=== Data for this task ===

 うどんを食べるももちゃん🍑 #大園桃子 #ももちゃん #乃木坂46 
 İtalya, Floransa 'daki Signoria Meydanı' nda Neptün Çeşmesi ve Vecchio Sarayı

===
=== Data for this task ===

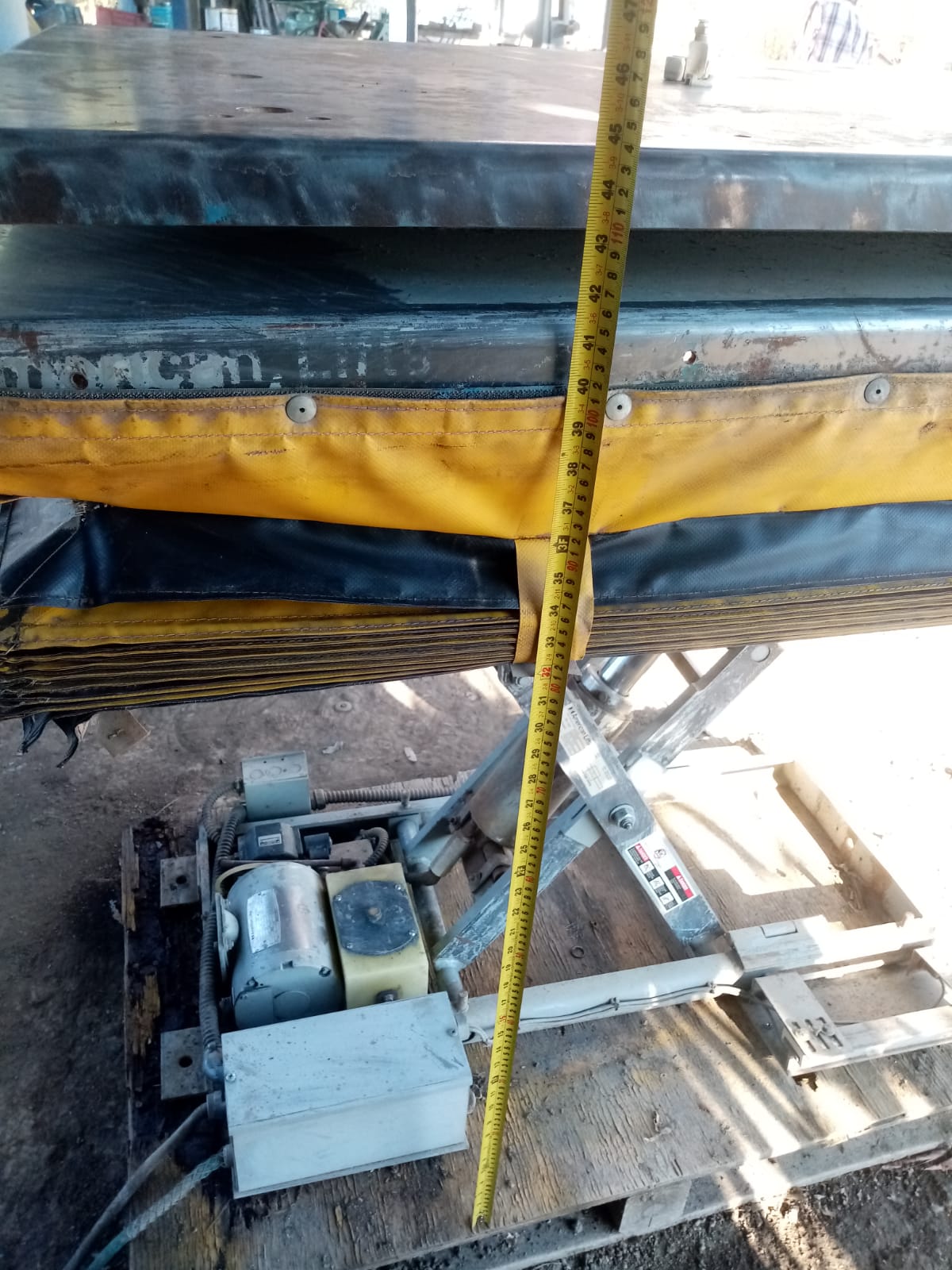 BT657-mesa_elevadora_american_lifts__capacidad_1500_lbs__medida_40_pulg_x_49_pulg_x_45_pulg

===

Problem
Would you please copy exactly the part of the entries above that begins at the line containing "うどんを食べるももちゃん🍑 #大園桃子 #ももちゃん #乃木坂46" and ends at the line containing "İtalya, Floransa 'daki", both lines included?

Reply to the task
 うどんを食べるももちゃん🍑 #大園桃子 #ももちゃん #乃木坂46 
 İtalya, Floransa 'daki Signoria Meydanı' nda Neptün Çeşmesi ve Vecchio Sarayı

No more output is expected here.